● **TASK REQUIREMENTS**
Down to the final line, write out the material beneath exactly, without pictures.

● **DATA PROVIDED**
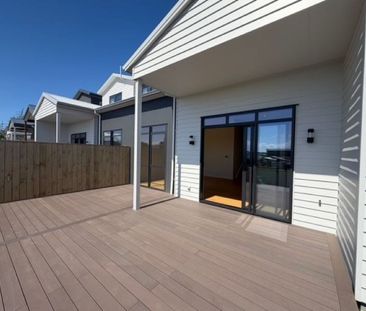 Beachlands - Photo 1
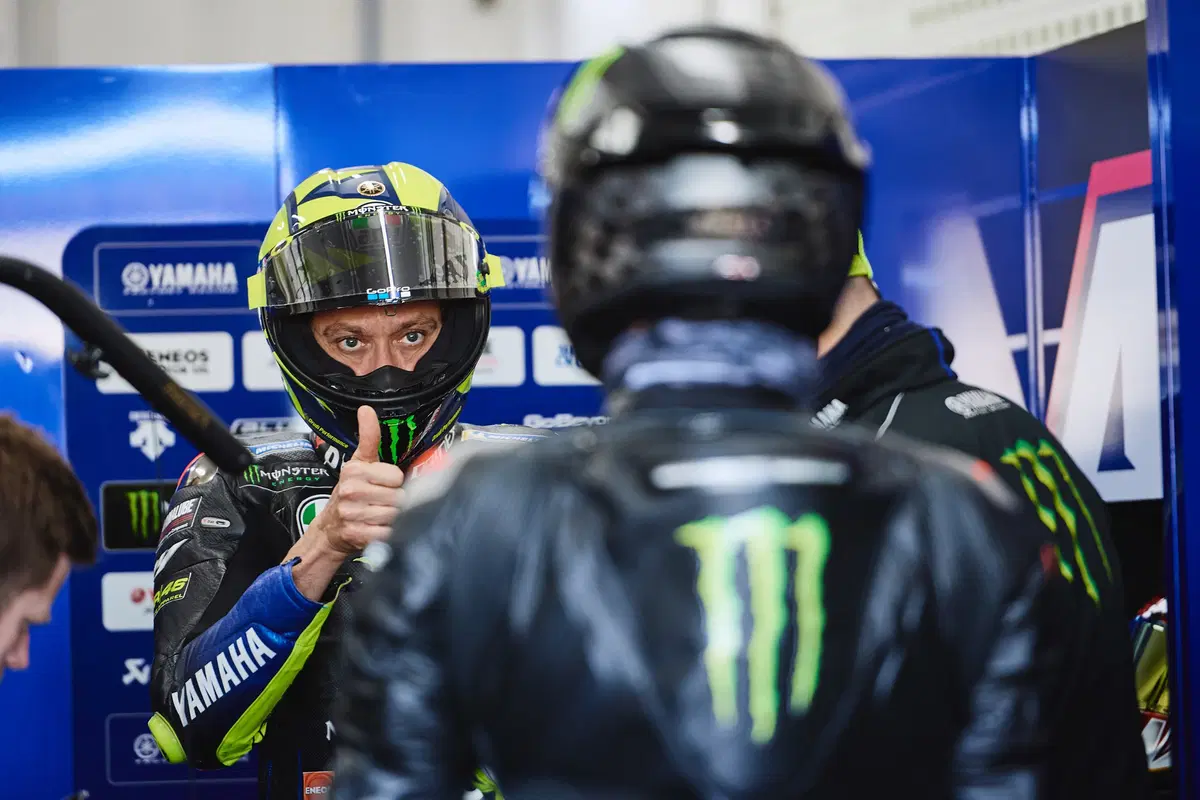Valentino Rossi e Lewis Hamilton, il video e le foto più belle (5)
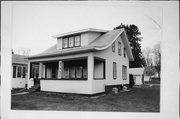 913 S CEDAR AVE, a Bungalow house, built in Marshfield, Wisconsin in .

● **TASK ANSWER**
 Beachlands - Photo 1
Valentino Rossi e Lewis Hamilton, il video e le foto più belle (5)
 913 S CEDAR AVE, a Bungalow house, built in Marshfield, Wisconsin in .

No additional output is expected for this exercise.